The injection motor 6 is driven and controlled by the driver amplifier 4. Further, the current value and voltage value to the injection motor 6 are detected by a current detector 7 and a voltage detector 8', respectively, and these are inputted to the integrated power calculator 3. A comparator 2 compares this calculated value with a predetermined value set in advance in the holding pressure switching value setter 1. Furthermore, when both match, comparator 2
A controller 5 is provided which receives a signal output from the injection molding apparatus 1 and sends a control signal to a driver amplifier 4 which drives and controls the injection motor 6 so as to proceed to the next pressure holding process.

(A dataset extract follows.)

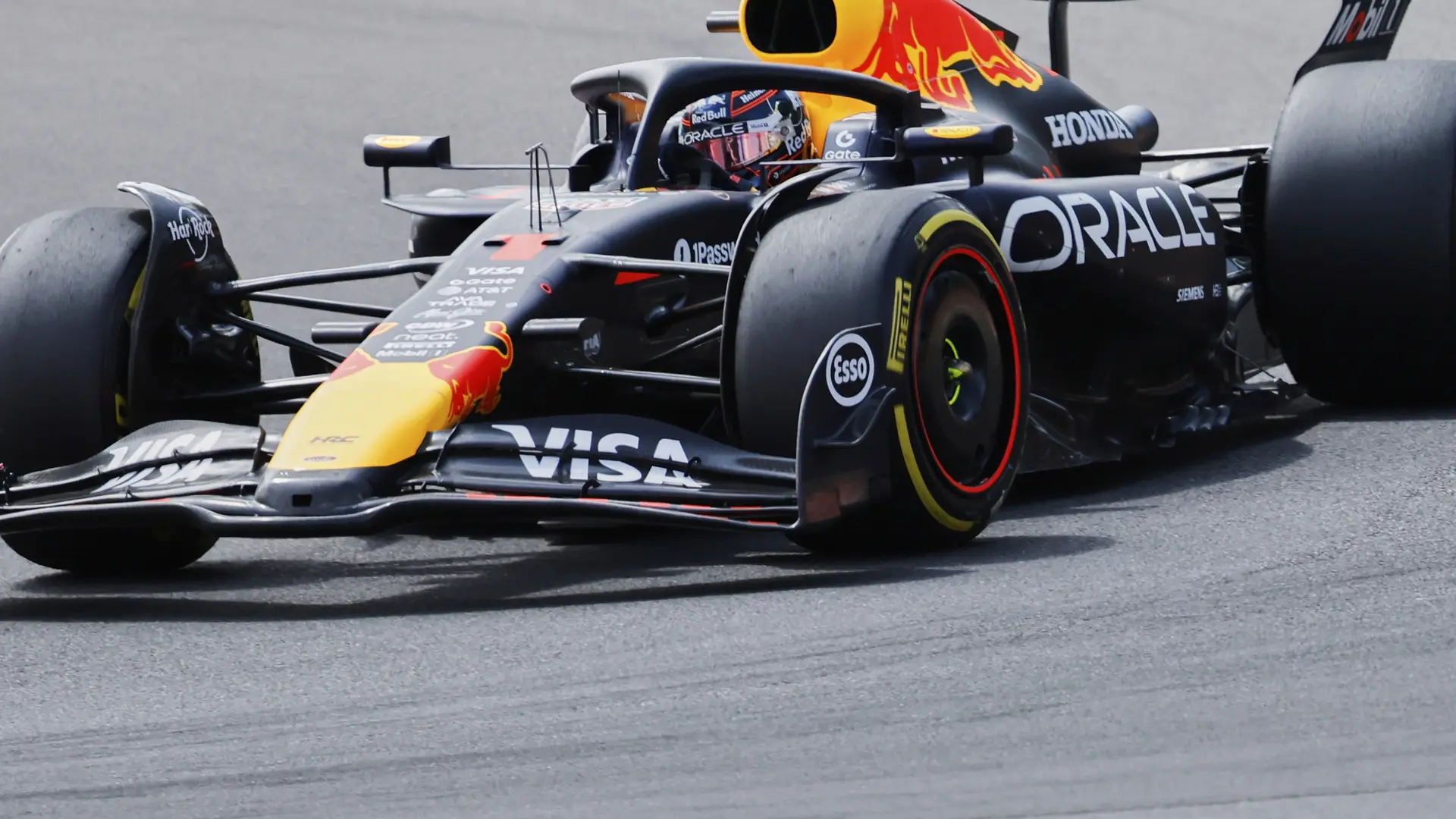 Max Verstappen gana a los McLaren la primera batalla del Gran Premio de Bélgica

Here, the power integrating unit 3 performs an integral calculation of ∫ ^x ₀ dt using the current value and the voltage value.

(Effects of the Invention) As explained above, according to the present invention, the state of filling the mold cavity with molten resin is detected based on the integrated power value from the start of the injection operation, and thereby the holding pressure is increased from the filling process. Since the switching to the process is performed, the filling energy due to injection is always constant, and therefore the switching from the filling process to the pressure holding process can be controlled at an appropriate timing. This eliminates the ``sink'' and ``shot shot'' that occur when switching by the position of the injection plunger or screw as in the past.
It is also possible to solve the problem of poor workability of conventional devices that control switching based on the pressure of the injection plunger or the resin pressure of the mold cavity.

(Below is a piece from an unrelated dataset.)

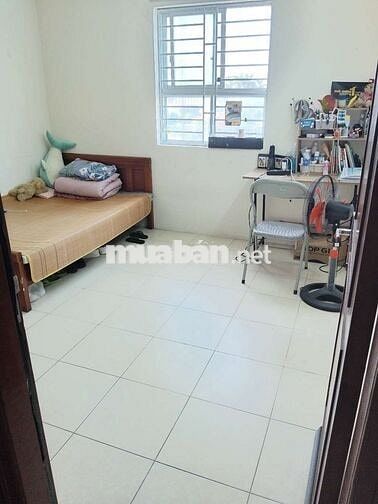 cho nữ thuê phòng bên trong 1căn chung cư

[Brief explanation of drawings]

FIGS. 1a and 1b are configuration diagrams of an embodiment of the present invention.
FIG. 2 is a graph of changes in integrated power values during the filling and pressure holding steps. 1... Holding pressure switching value setter, 2... Comparator, 3...
...integrated power calculator, 4...driver amplifier, 5...
...Controller, 6...Injection motor, 7...Current detector, 8...Rotation speed detector, 8'...Voltage detector,
11...Cylinder, 12...Screw, 13...
... Member, 14 ... Ball nut, 15 ... Ball screw, 16 ... Transmission element.

Claims (1)

[Scope of Claims] 1. A control device for an electric injection molding machine that performs a filling process and a pressure holding process by driving an injection plunger or screw in the axial direction by an electric motor,
A current detector that detects the current value to the injection motor and a rotation speed detector that detects the rotation speed of the motor are provided, and the calculated value of the integrated power calculator that calculates the integrated power value from the detected values of these two. and a predetermined value of a holding pressure switching value setter that can set a predetermined judgment value, and when a matching signal is output from the comparator, the filling process is shifted to the holding pressure process. A control device for an electric injection molding machine characterized by driving and controlling an injection motor. 2. In a control device for an electric injection molding machine that performs a filling process and a pressure holding process by driving an injection plunger or screw in the axial direction by an electric motor,
A current detector and a voltage detector are provided to detect the current value and voltage value to the injection motor, and the calculated value of an integrated power calculator that calculates the integrated power value from the detected values of these two and a predetermined judgment value are A comparator is provided to compare the settable holding pressure switching value setting device with a predetermined value.
A control device for an electric injection molding machine, characterized in that, when a coincidence signal is output from the comparator, driving and controlling an injection motor so as to shift from a filling process to a pressure holding process.